I believe that financial advisors will play an important role in integrating the next tens of millions of users in the western world into the Bitcoin network. Advisors are the custodians of the majority of their clients’ assets. The asymmetric investment opportunity offered by bitcoin could be the perfect asset to complement – potentially even hedge – expensive equities and fixed-income securities.
Customers will start looking for advice on how best to use their bitcoin stack. Advisors will need to clearly demonstrate their knowledge in various areas:
· Does it make sense for clients to take out a mortgage using part of their stack as collateral?
· Will advisors assist their clients in multi-signature setups with a third-party vendor?
· Should clients participate in peer-to-peer lending protocols to earn additional return?
Which mobile or desktop wallet is best for them?

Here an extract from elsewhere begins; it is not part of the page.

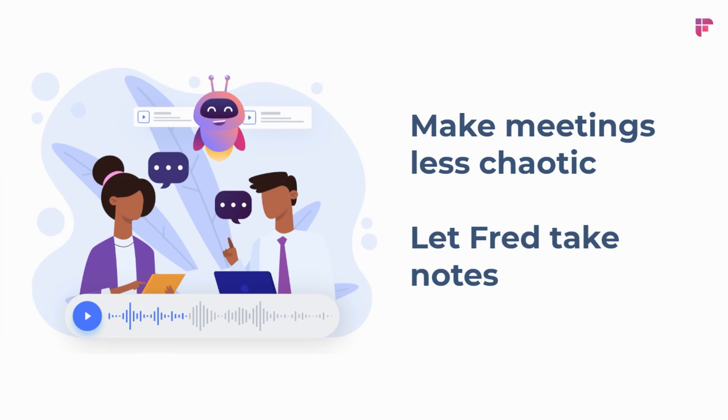So that's all there is to it. We know meetings can be absolutely chaotic. Fireflies is here to help make things more organized so that you can stay on top of everything.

A few concepts that advisors and the general population will need to get used to in the future are satoshi (aka sats) denominated wallets, securities trading above Bitcoin and/or sidechains, and “money is a trash can” changing to “just stack”. sats”, to name a few.
And these are changes that, for my part, I am very happy to experience.
I owe a huge thank you to Andy Flattery for his comments on this article. He is one of the great advisers who will survive and prosper.
This article should not be construed as a specific recommendation or investment advice. Always consult your investment professional before making major investment decisions.
This is a guest post by Trent Dudenhoeffer. The opinions expressed are entirely their own and do not necessarily reflect those of BTC, Inc. or BitcoinMagazine.
The views and opinions expressed herein are the views and opinions of the author and do not necessarily reflect those of Nasdaq, Inc.